You have supplied zero lexical support for your position.
Fred, I do not despise the use of lexicons or any other research tool that better enables us to understand the scripture. My brother was a Greek professor for many years and I have nothing but respect for his level of expertise. However, that knowledge has not necessarily given him the insight of the Holy Spirit on some matters of doctrine. Just as the Pharisees were technical experts in their field, but that did not guarantee them the true sense of what they studied so intently.
You are proposing with your view that
immortality is an inherent feature of the human soul, and that even the wicked have immortality in the afterlife with their experience of eternal conscious torment.
Scripture says otherwise of the soul of mankind, ever since Creation. An endless life of both soul and body was
conditional for the originally-sinless couple from the very beginning, dependent upon their continued fellowship with their holy, immortal Creator, symbolized by the Tree of Life in the Garden. The moment that fellowship was lost in a single act of disobedience, death of their souls followed (resulting in a physical death sentence for their bodies also).
Christ Jesus the King of kings and Lord of lords
alone has immortality, according to 1 Timothy 6:16. The only way that humanity can have immortality of body and soul is by connection with Christ Jesus and
His inherent immortality. Those who are "IN Christ" while in this life have been given eternal life of the soul ("And I give unto them eternal life, and they shall never perish"). In the bodily resurrection, these who already have been given eternal life of the soul while in this life will also be given immortality of their bodies as well in a changed condition of incorruptibility that will never die again after the resurrection.
The wicked have no such connection with being "IN Christ", and so do not have that immortality of either body or soul. We are to fear Him who has power to destroy (
"apolesai") both body and soul in Gehenna (Matthew 10:28). THIS is presented as the ultimate fearful threat for humanity - not eternal conscious torment in this passage.

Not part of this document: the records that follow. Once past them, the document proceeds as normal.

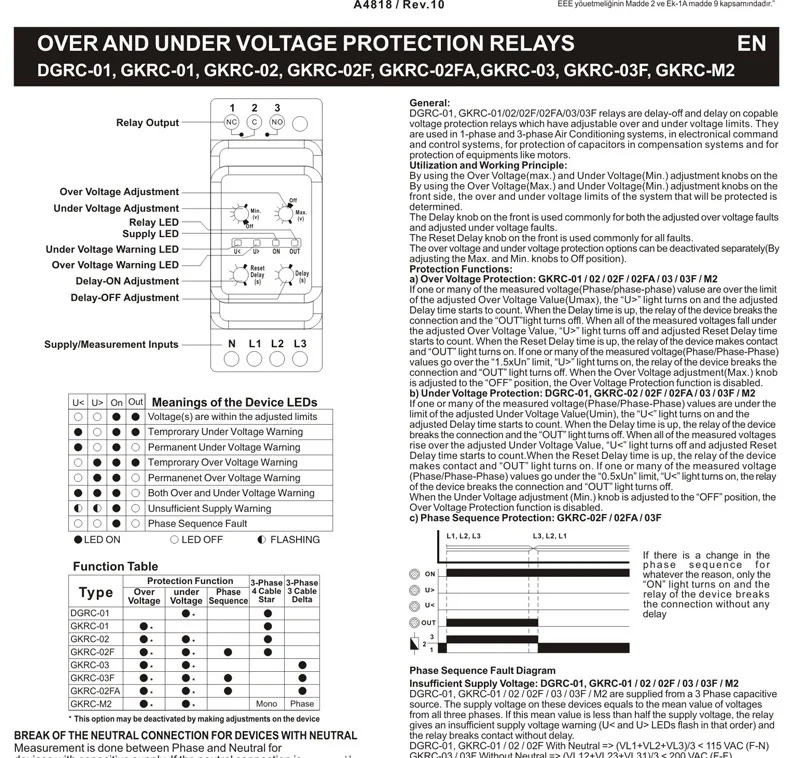 product over and under voltage protector gkrc 02f new three phase phase sequence protector-6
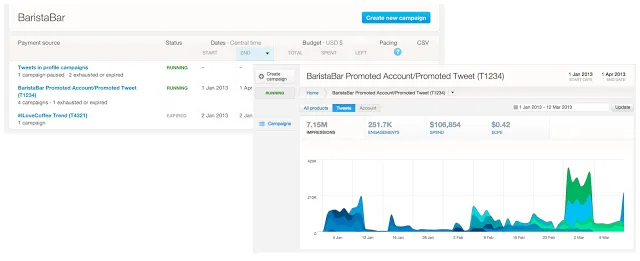 Twitter goes bigger on Analytics: The new Twitter Ads Centre Campaign analytics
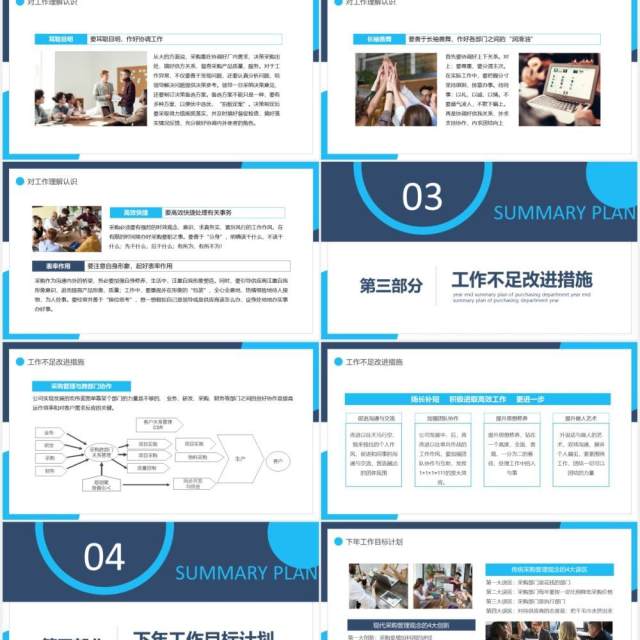 采购部年终工作总结计划报告计划动态PPT模板 采购部年终工作总结计划报告计划动态PPT模板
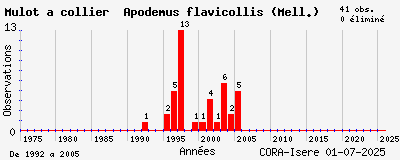 Evolution annuelle des observations de Mulot à collier Apodemus flavicollis (Mell.)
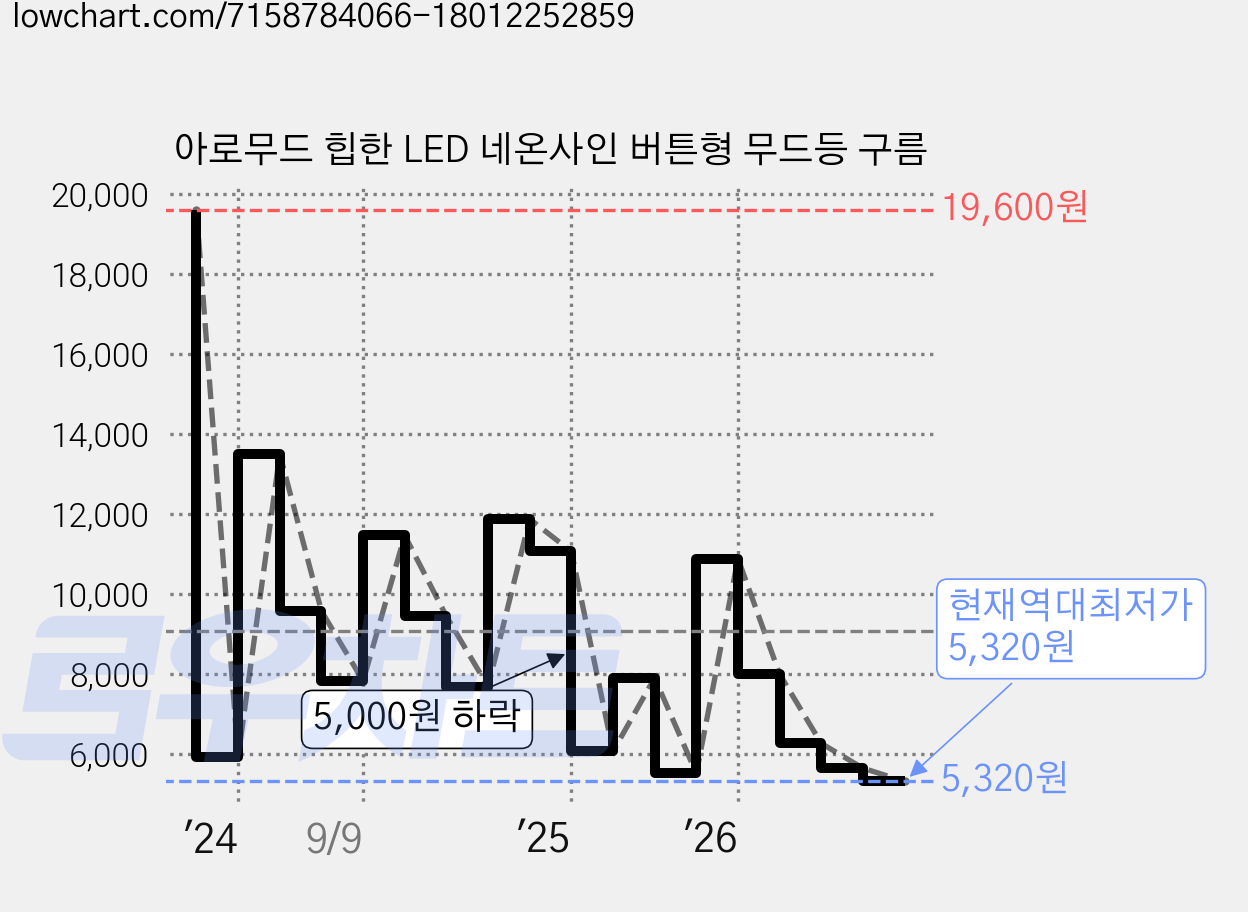 아로무드 힙한 LED 네온사인 버튼형 무드등 구름 가격 변동 차트, 현재가 5,320원, 역대최저가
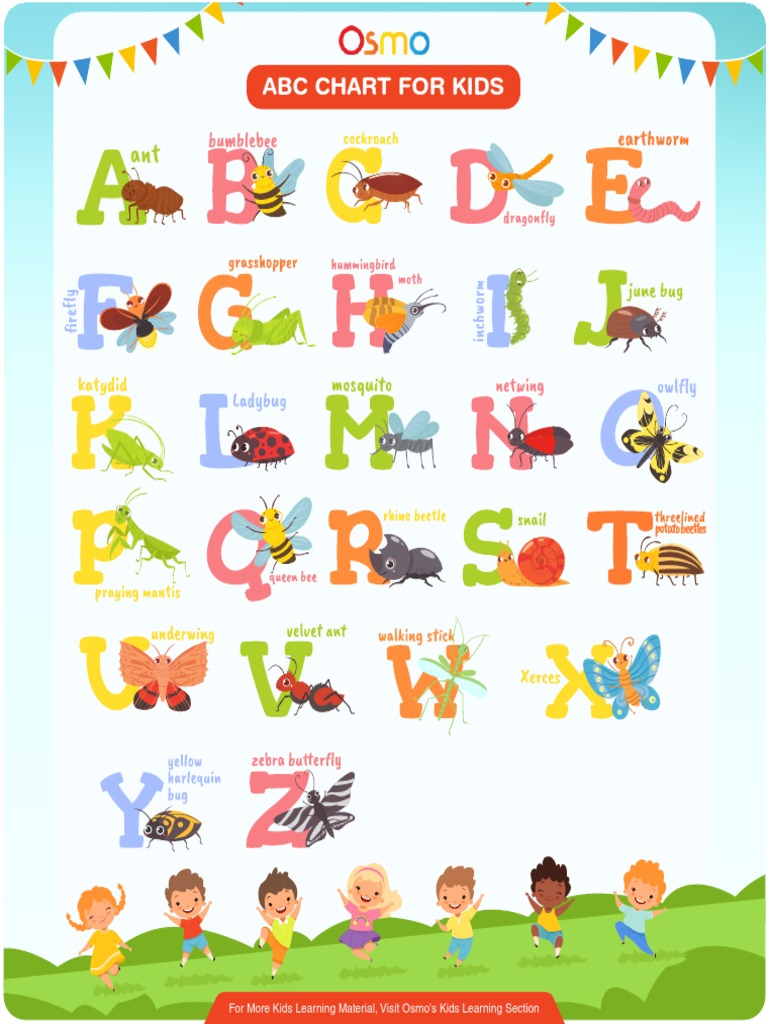 ABC Chart for Kids with Images | PDF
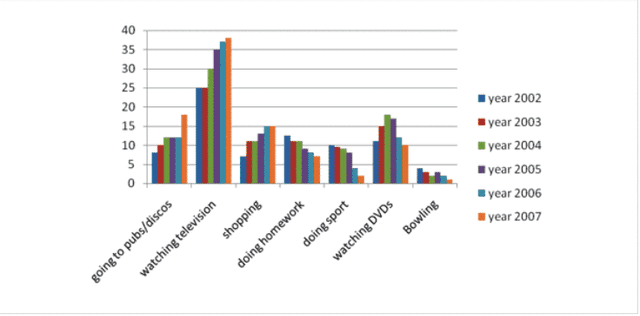 bar chart below show the huors per week teenagers spend on activities in Chester from 2002 to 2007
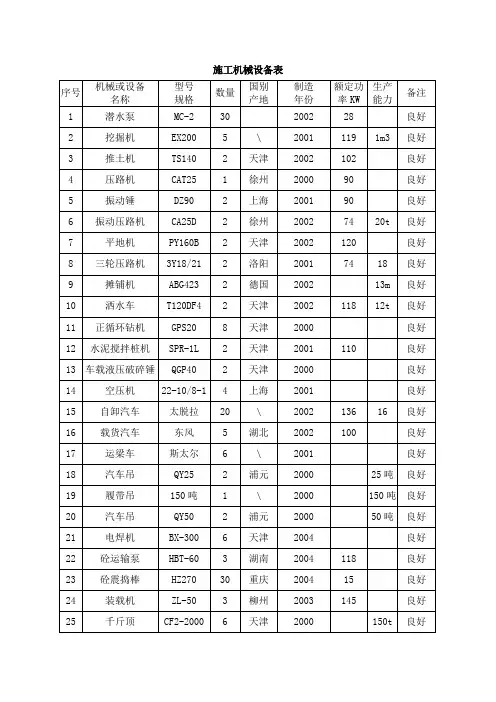 施工机械设备表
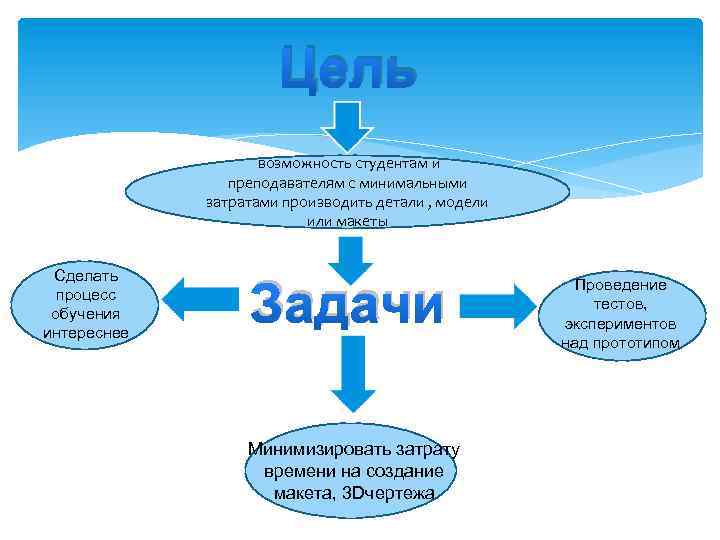 Цель возможность студентам и преподавателям с минимальными затратами производить детали , модели или макеты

If God predicted the fiery death of the ultimate evil character of Satan the anointed cherub in Ezekiel 28:18-19, telling him that "
never shalt thou exist anymore" after he is burned to ashes upon the earth, then why do you think that the wicked dead of humanity are not to share this same fate? After all, the angels as originally created were "greater in power and might" than humanity, so if the wicked angels such as Satan were to be burned to ashes upon the earth, it is not beyond God's abilities to destroy the wicked dead of humanity as well, both body and soul.
Also, if you suppose that the wicked dead are to experience eternal conscious torment, then how do you explain Isaiah 26:13-19? In this passage, the wicked dead are contrasted with the righteous dead who belong to God. For the wicked dead, Isaiah says,
"They are dead, they shall not live; they are deceased, they shall not rise: therefore hast thou visited and
destroyed them, and made all their memory
to perish."
In contrast to these wicked dead who "shall not rise", Isaiah says of the righteous dead, "
Thy dead men shall live, together with my dead body shall they arise. Awake and sing, ye that dwell in dust: for thy dew is as the dew of herbs, and
the earth shall cast out the dead."
This Isaiah passage informs us that the bodies of the wicked dead are
never to rise from dwelling in the dust of the grave, in direct contrast to the bodies of those that belong to God, which
do arise from dwelling in the dust of the grave. If you deny the one fact, you deny the other. This is not just an OT reality that did not transfer to the NT.